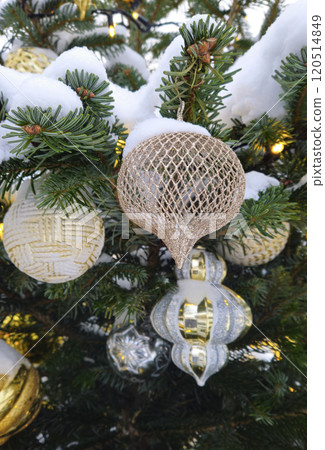 Branches of Christmas tree with beautiful decorations covered with snow Branches of Christmas tree with beautiful decorations covered with snow 120514849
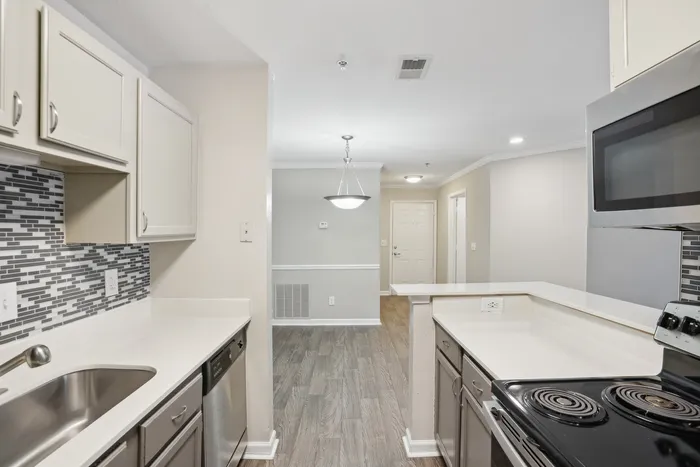 Contemporary kitchen with sleek countertops, stylish backsplash, and modern appliances leading into a spacious hallway.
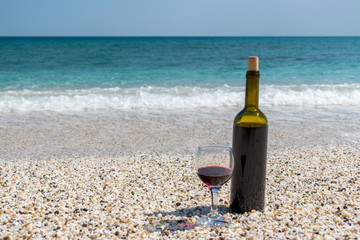 Glass of red wine and bottle on the beach at the summer sunny day. Sea on the background.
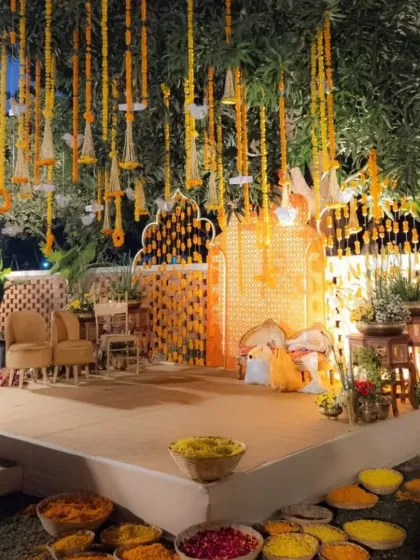 An evening Haldi stage setup. The decor features hanging marigold garlands and a beautifully lit backdrop, creating a warm and inviting atmosphere for the night's rituals.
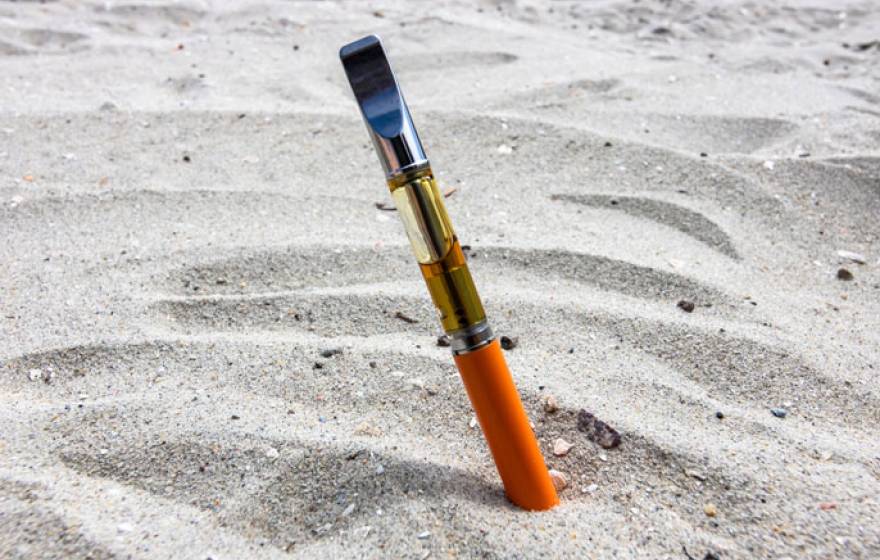 Vape pen stuck in sand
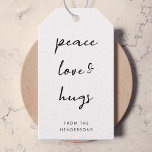 Peace Love and Hugs Minimal Simple White Christmas Gift Tags<br><div class="desc">Simple, stylish, minimalist holiday gift tags with modern informal casual handwritten script typography quote "Peace Love & Hugs" in black with a clean simple white background. The name can be easily customized for a personal touch. A elegant, minimalist and contemporary christmas design to stand out from the crowd this holiday...</div>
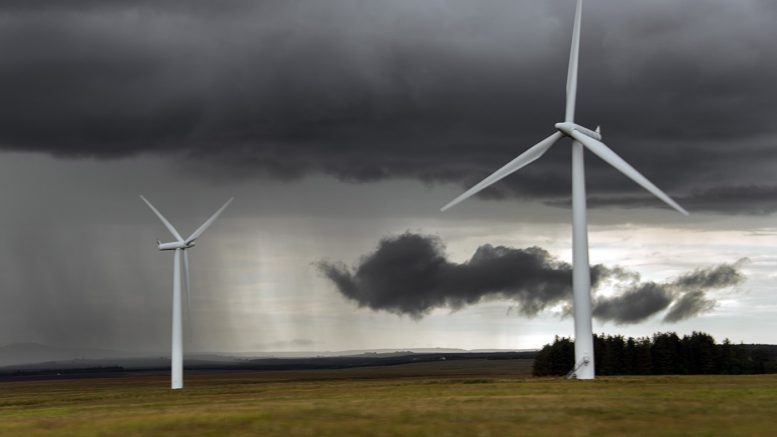 Windmills in an empty field. Dark gray clouds loom behind them.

......

The entries above need to be printed again exactly; please exclude all pictures.

 Branches of Christmas tree with beautiful decorations covered with snow Branches of Christmas tree with beautiful decorations covered with snow 120514849
 Contemporary kitchen with sleek countertops, stylish backsplash, and modern appliances leading into a spacious hallway.
 Glass of red wine and bottle on the beach at the summer sunny day. Sea on the background.
 An evening Haldi stage setup. The decor features hanging marigold garlands and a beautifully lit backdrop, creating a warm and inviting atmosphere for the night's rituals.
 Vape pen stuck in sand
 Peace Love and Hugs Minimal Simple White Christmas Gift Tags<br><div class="desc">Simple, stylish, minimalist holiday gift tags with modern informal casual handwritten script typography quote "Peace Love & Hugs" in black with a clean simple white background. The name can be easily customized for a personal touch. A elegant, minimalist and contemporary christmas design to stand out from the crowd this holiday...</div>
 Windmills in an empty field. Dark gray clouds loom behind them.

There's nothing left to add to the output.